Now let me rant a bit: Some APIs and datastructures in Blender should just use numpy arrays. They can be used from C almost without any penalty, because if you do it right, their data is just a linear array of floats for example. But they make modifying them in Python so much easier and faster! A case in point is the new BMesh API, which was supposed to make mesh data easier to handle, but it’s still easier, shorter and faster for me to convert the “normal” mesh data to numpy arrays and go from there.

I agree with you about using the regular mesh data converted to numpy arrays. I spent a couple weeks on a script using bmesh data with list comprehension. I’m realizing that keeping everything in numpy arrays is hundreds of times faster in many cases. It’s taking some getting used to though, all this reshaping and this array divided by this other array along whatever axis.

I have a more difficult question.

I’m doing np.mean() on a 3dim array.
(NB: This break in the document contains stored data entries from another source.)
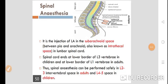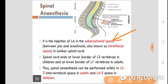Today we will discuss spinal anesthesia, which is the most commonly used procedure nowadays. In spinal anesthesia, injection of local anesthetic is given in the subarachnoid space — the space between the pia mater and arachnoid mater — also known as the intrathecal space in the lumbar spinal cord.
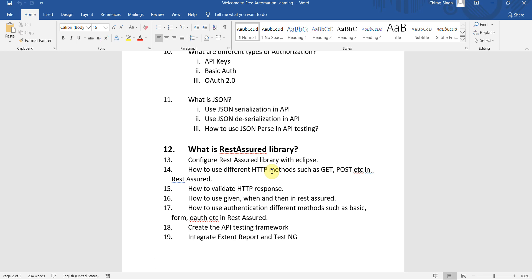How we can configure Rest Assured library with Eclipse and how we can use GET, POST, PATCH, and different methods by using Rest Assured. How we can evaluate HTTP responses.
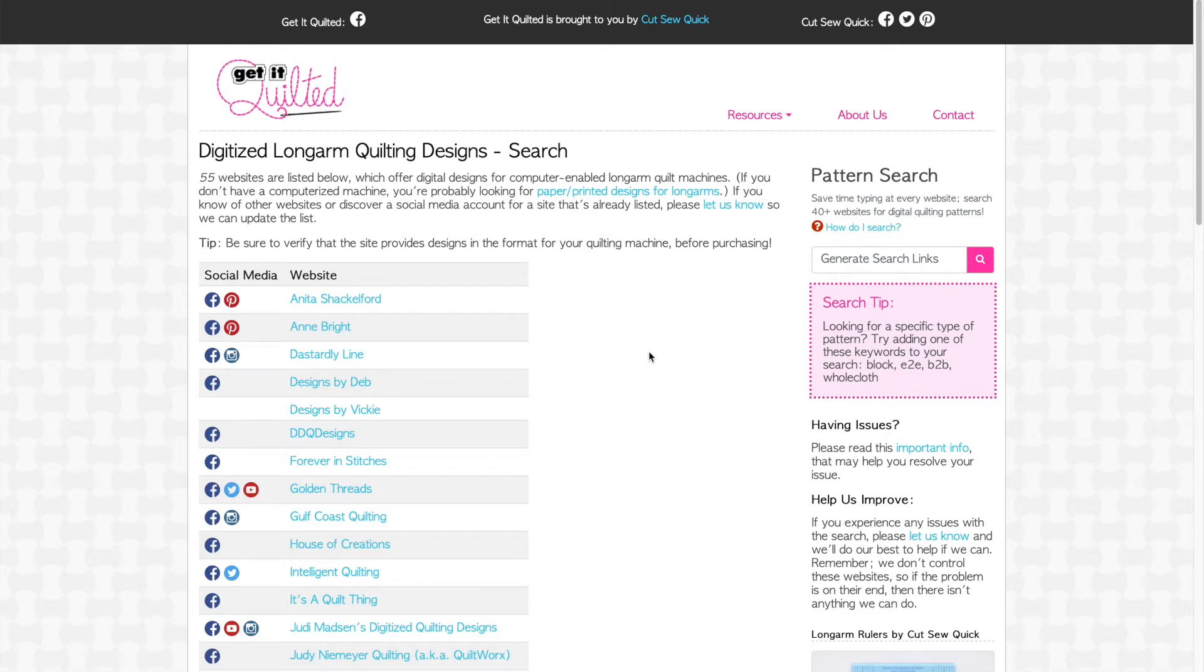Hi, I'm Angela Short. In this video I'll be demonstrating how to use Get It Quilted's pattern search.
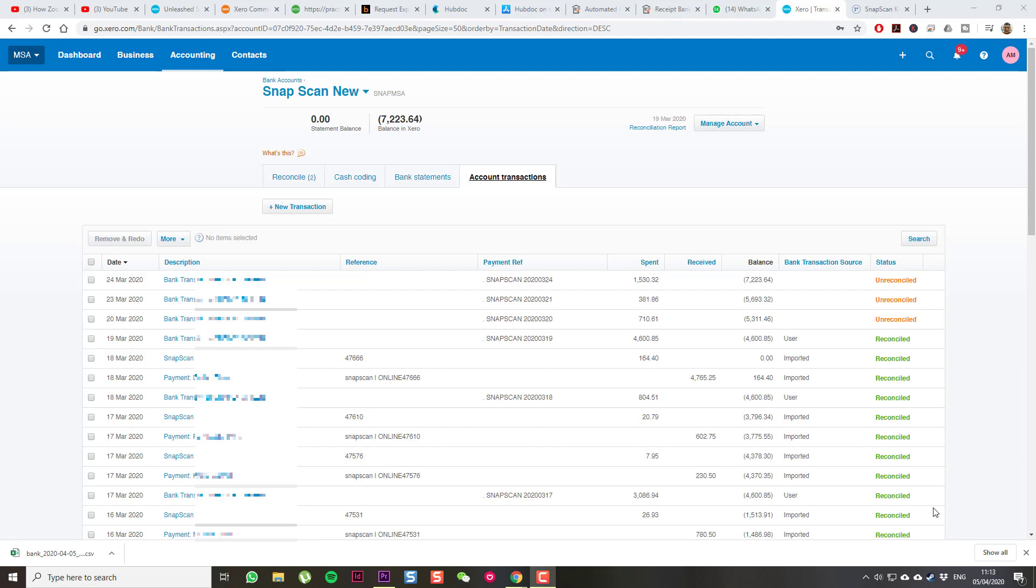Create a bank account for your Snapscan transactions. You can see all the transactions here. Some are reconciled, some aren't. I don't do this all the time, maybe every two to three weeks or so.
I want to eliminate the elements in the array that are zero so that the mean will return a larger value. for example: np.mean([0,5,3,7]) is not the same as np.mean([5,3,7])

I want to remove that elements containing only zeros in the code below so they won’t be a factor in the np.mean() I’ve thought of writing a vectorize function or flattening then using np.nonzero() to get an index array but I’m not sure what the best approach is.

array([[[0, 0, 0],
        [0, 0, 0],
        [8, 0, 2],
        [1, 2, 1]],


       [[0, 0, 0],
        [0, 0, 0],
        [8, 0, 2],
        [1, 2, 1]]])

I don’t know exactly what you want, but maybe this does it:

a[a!=0].mean()

Or do you need to consider the structure of the array in any way?

Thanks for the speed checks Kaufenpreis.
Happen to know if there’s any advantage in speed using uint32 over int32 when I don’t need negatives?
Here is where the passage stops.